Assignment =>
The lines to copy run from the one containing "tours Denali national park Alaska RV" to the very end of the records; give them exactly, and only them, without pictures.

____ Data shown

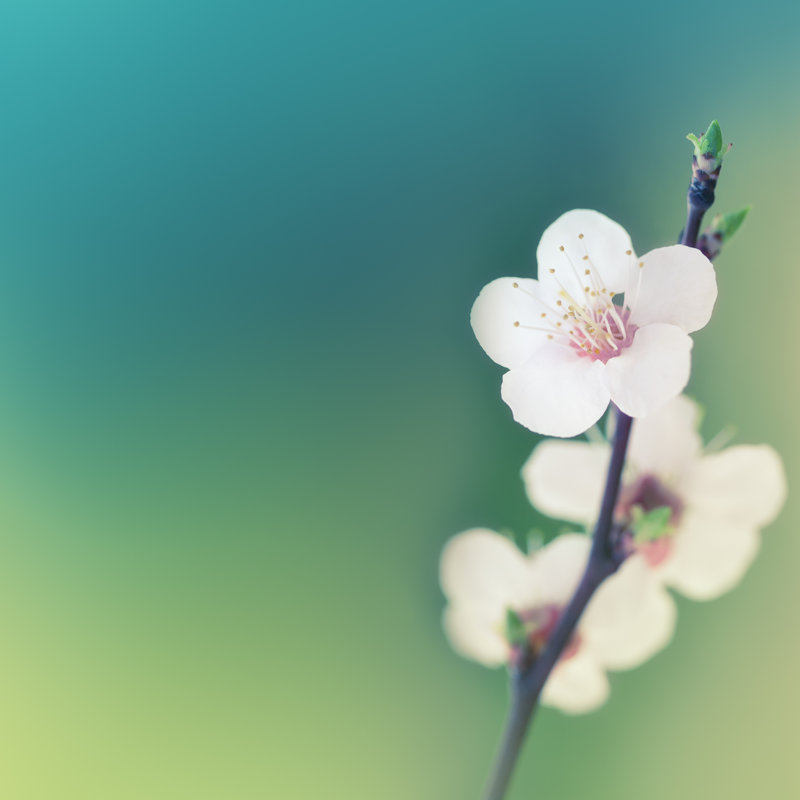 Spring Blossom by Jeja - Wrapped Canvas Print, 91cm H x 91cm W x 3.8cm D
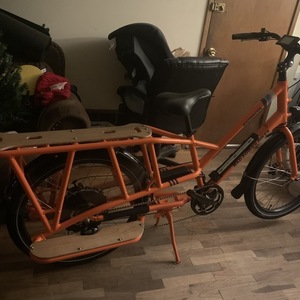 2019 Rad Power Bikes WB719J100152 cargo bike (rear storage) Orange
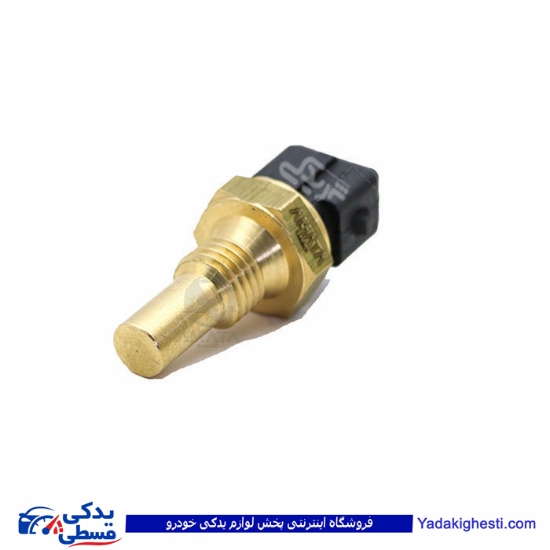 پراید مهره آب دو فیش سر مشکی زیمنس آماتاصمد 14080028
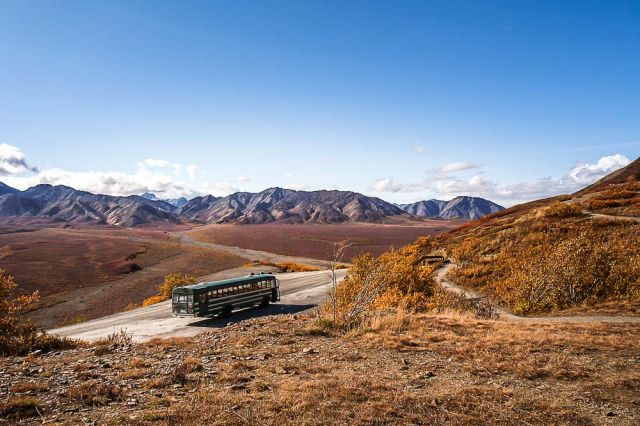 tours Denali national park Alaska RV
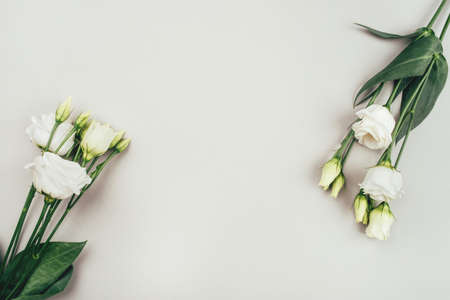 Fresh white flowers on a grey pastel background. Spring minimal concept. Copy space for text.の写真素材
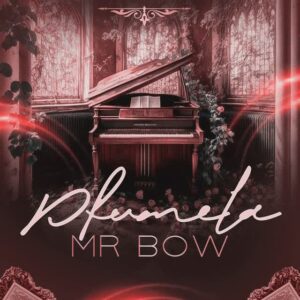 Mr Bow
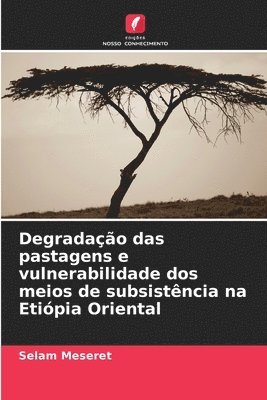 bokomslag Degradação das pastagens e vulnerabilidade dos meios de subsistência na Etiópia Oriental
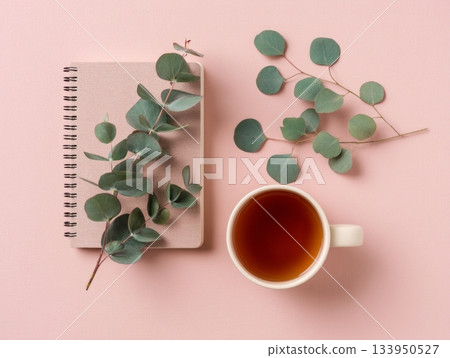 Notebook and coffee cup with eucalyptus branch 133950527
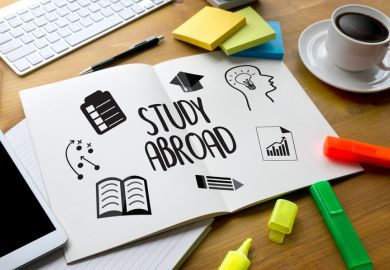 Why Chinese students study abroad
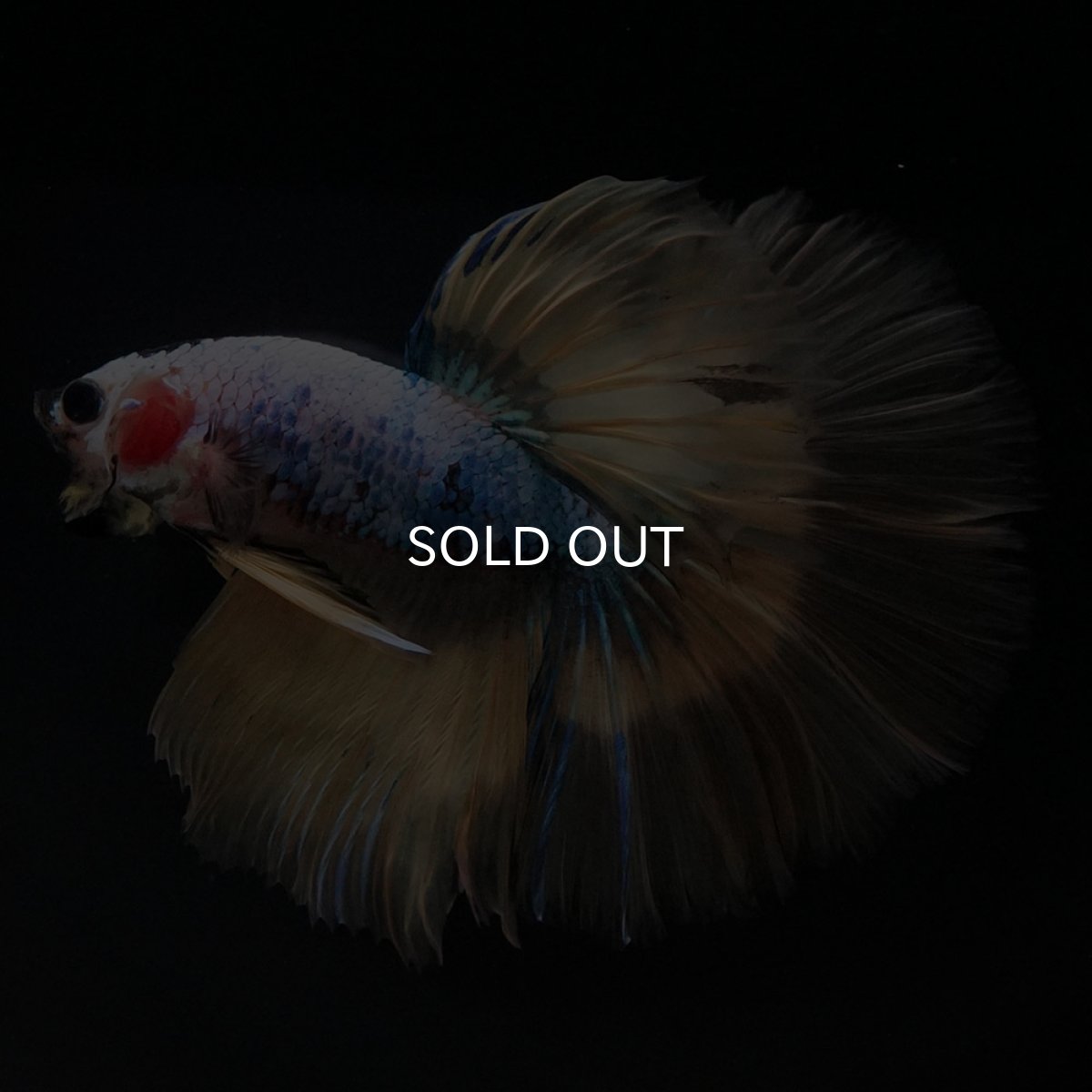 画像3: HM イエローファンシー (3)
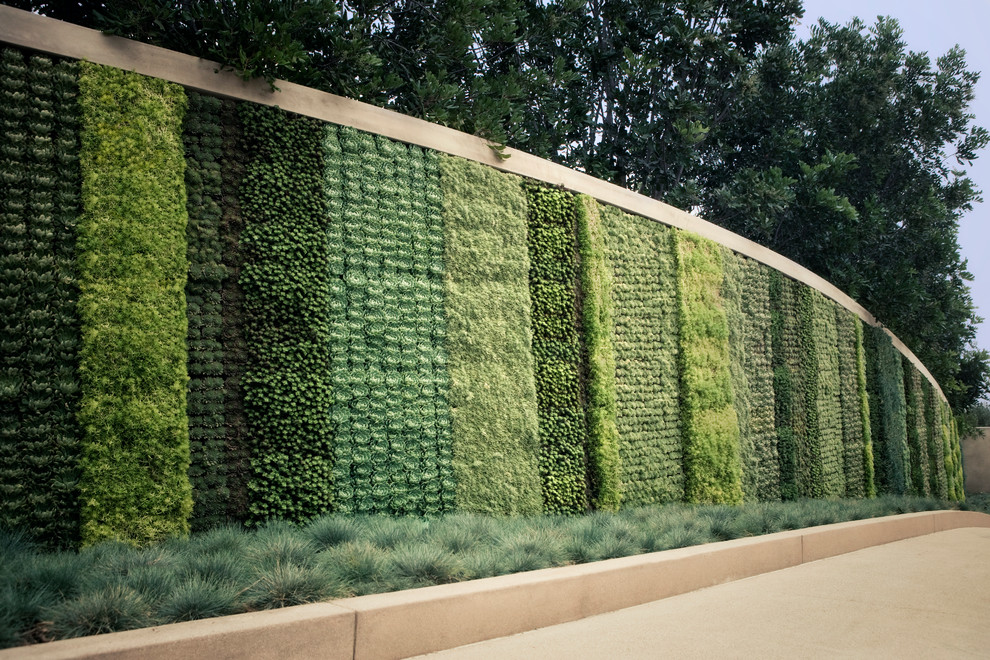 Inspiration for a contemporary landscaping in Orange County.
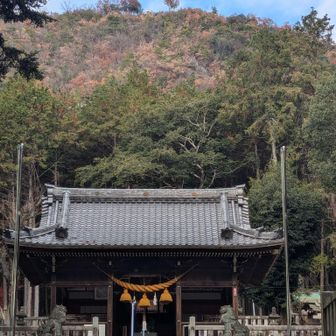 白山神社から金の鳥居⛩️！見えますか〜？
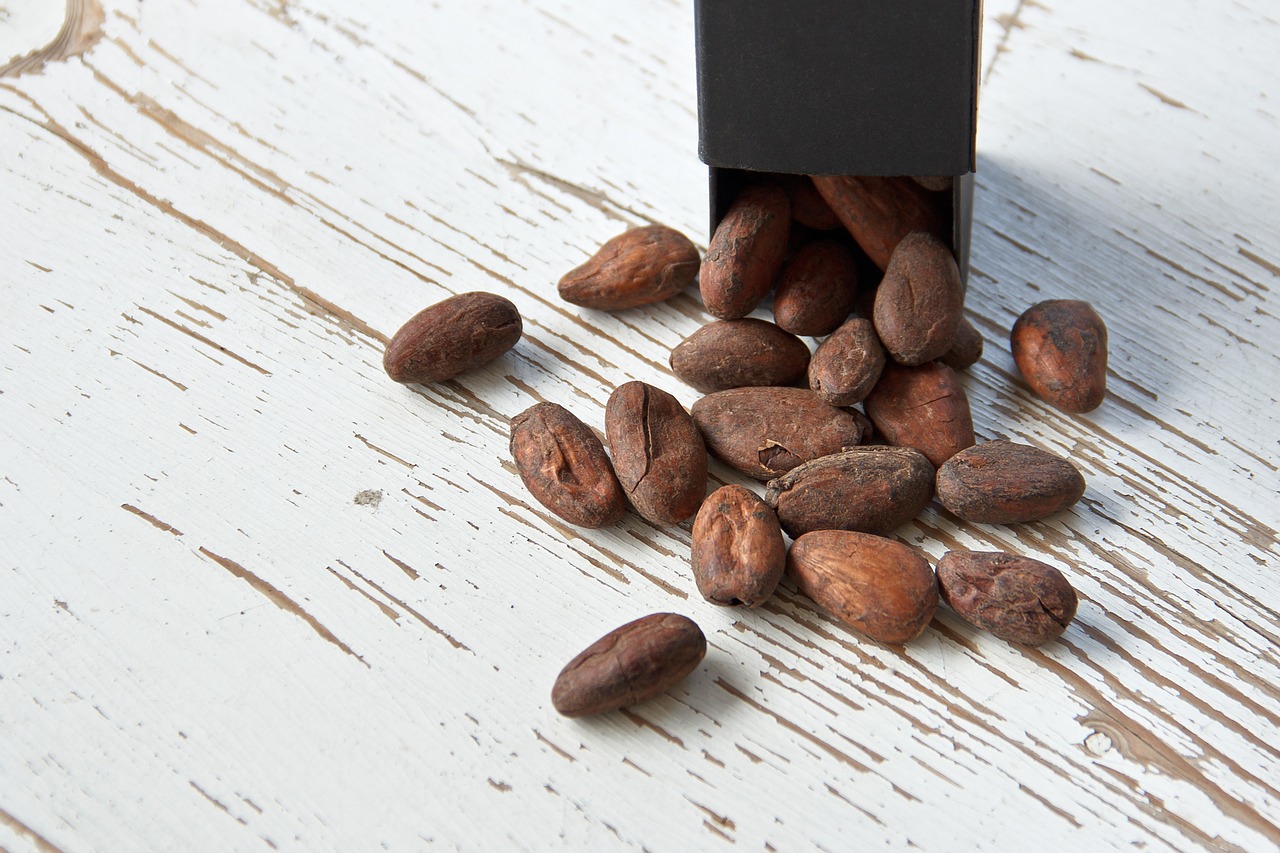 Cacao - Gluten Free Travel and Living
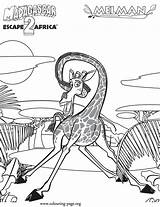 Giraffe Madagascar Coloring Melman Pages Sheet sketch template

________

Response to the exercise =>
 tours Denali national park Alaska RV
 Fresh white flowers on a grey pastel background. Spring minimal concept. Copy space for text.の写真素材
 Mr Bow
 bokomslag Degradação das pastagens e vulnerabilidade dos meios de subsistência na Etiópia Oriental
 Notebook and coffee cup with eucalyptus branch 133950527
 Why Chinese students study abroad
 画像3: HM イエローファンシー (3)
 Inspiration for a contemporary landscaping in Orange County.
 白山神社から金の鳥居⛩️！見えますか〜？
 Cacao - Gluten Free Travel and Living
 Giraffe Madagascar Coloring Melman Pages Sheet sketch template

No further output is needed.